The World Political Hot Spots Series is a mixed bag. On the one hand, few audiobooks cover many of these forgotten states in depth. On the other hand, they are very generic, lacking in the kind of authorial investment that makes deep books interesting.
What I wanted from this book was insight into the nature of the state, society, and economy of Chile and Argentina. What I got was a straight history. But it was too much territory to cover in too short a time. This meant that much of the history came at the price of understanding. Rather than explaining why some very important event happened - say the U.S. orchestrated coup that overthrew the democratically elected Allende in Chile, or else the rise of the post-WWII fascist-populist, Juan Peron, in Argentina - I instead got more facts.
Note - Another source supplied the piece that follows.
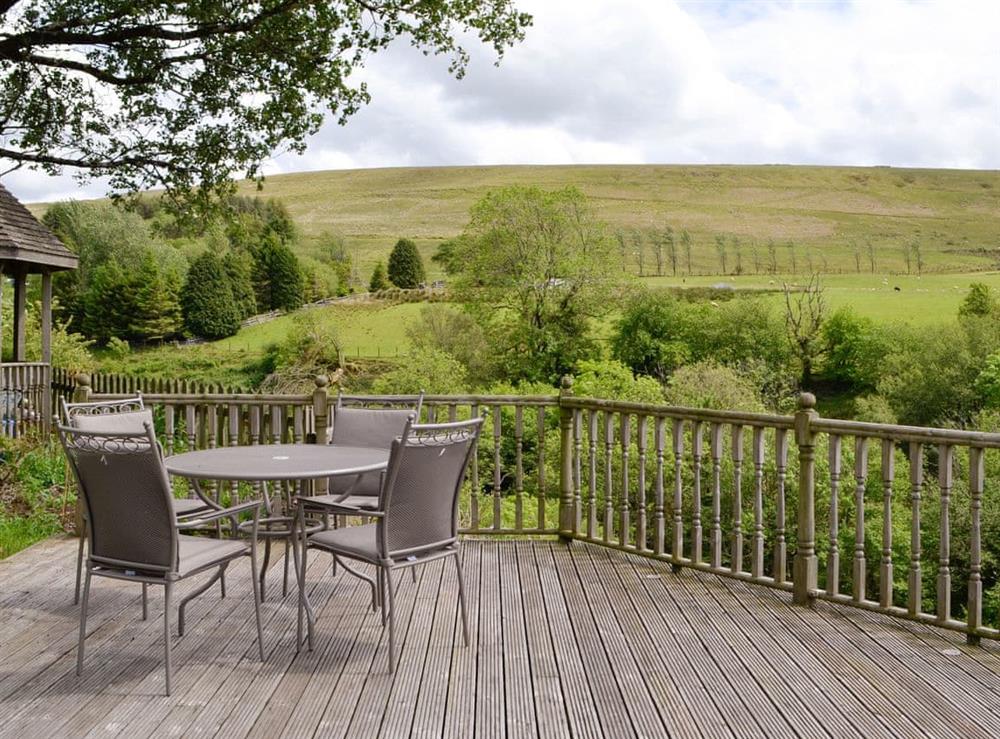 Decked area with outdoor furniture at Barn Cottage,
It is interesting history and we should know it - important transformations are afoot in Latin America. But if it is a history that is lacking in narrative and analysis, it is a history that will be too easy to forget - unless it is reinforced by more study from some other source. Since learning history usually requires a person to go over the same material repeatedly, this is not such a bad thing. And a little history is better than none. But this just felt too cursory and shallow to bring about understanding.
If you are interested in better understanding Latin America in general, consider Michael Reid's masterful "Forgotten Continent," which historically contextualizes the history of every state south of the U.S. and analyses the current political and economic changes in all of the big states. Or else try Felipe Fernandez-Armesto's brief but unbelievably insightful, "The Americas." This treats the history of the whole Western Hemisphere as being moved by common forces. Either book will serve as an excellent compliment to this incomplete source.
So far as the reading goes, you must be tolerant. Older audiobooks just don't have the quoting thing down. This one brings to each separate quote, of which there are numerous, a different, exaggerated, and ultimately silly accent. The Koran says, "seek knowledge as far as China," which was a distant place indeed to Muhammad. We should be willing to go at least as far as the guy with the comical voice.